In the Wah Wah region north of Hay, major changes to how stock and domestic water were delivered took place, with open channels and ground tanks are being replaced with covered pipelines and troughs. The change was made in an attempt to reduce evaporation losses from the open channels.
The Water for Wildlife project was developed in response to widespread concern regarding the impacts of this change on waterbirds, turtles, kangaroos, bats and frogs, who would no longer be able to access the water resources.
Matt Herring, the ecologist who coordinated the trials, said the project served as a fresh reminder of our enormous influence on wildlife across the landscape: “It strikes to the core of key questions about which species we want to provide habitat for, and how we want to distribute water for wildlife throughout landscapes”.
Through the project, work was undertaken to maintain some of the most significant tanks and enhance their habitat, as well as construct new wetland areas. Central to productive wetland habitats are water plants and shallows. Stock exclusion and earthworks can make a huge difference.
Said Matt, “For some species, such as the Galah and Crested Pigeon, the troughs will probably suffice as an alternative water source, but for many other species they won’t. There are also nationally threatened species in the Riverina, like the Australasian Bittern, that are not known to use Wah Wah tanks but could benefit greatly from targeted habitat creation”.
Wetland Management Guides
Through a $9,000 grant from the Norman Wettenhall Foundation, five management guides were developed for some of the most important Wah Wah wetlands.

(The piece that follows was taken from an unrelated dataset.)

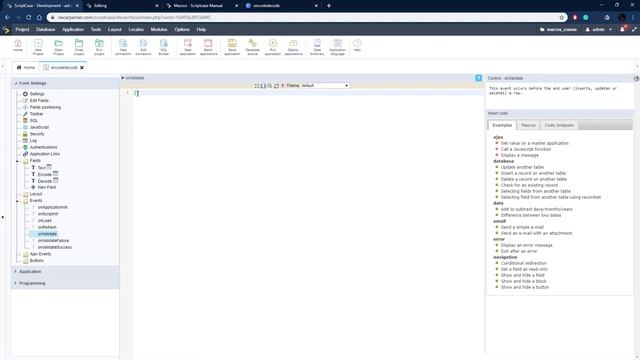 Scriptcase Macros: Control Module ( Sc_encode  Y Sc_decode )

These guides were developed by landholders, in conjunction with Wildlife Ecologist Matt Herring, as a key first step in facilitating positive future actions. They highlight the significance of each site and incorporate a range of ideas to benefit wildlife and native vegetation, from the removal of impediments to flow and delivery of environmental water, to fencing for grazing management and weed control programs.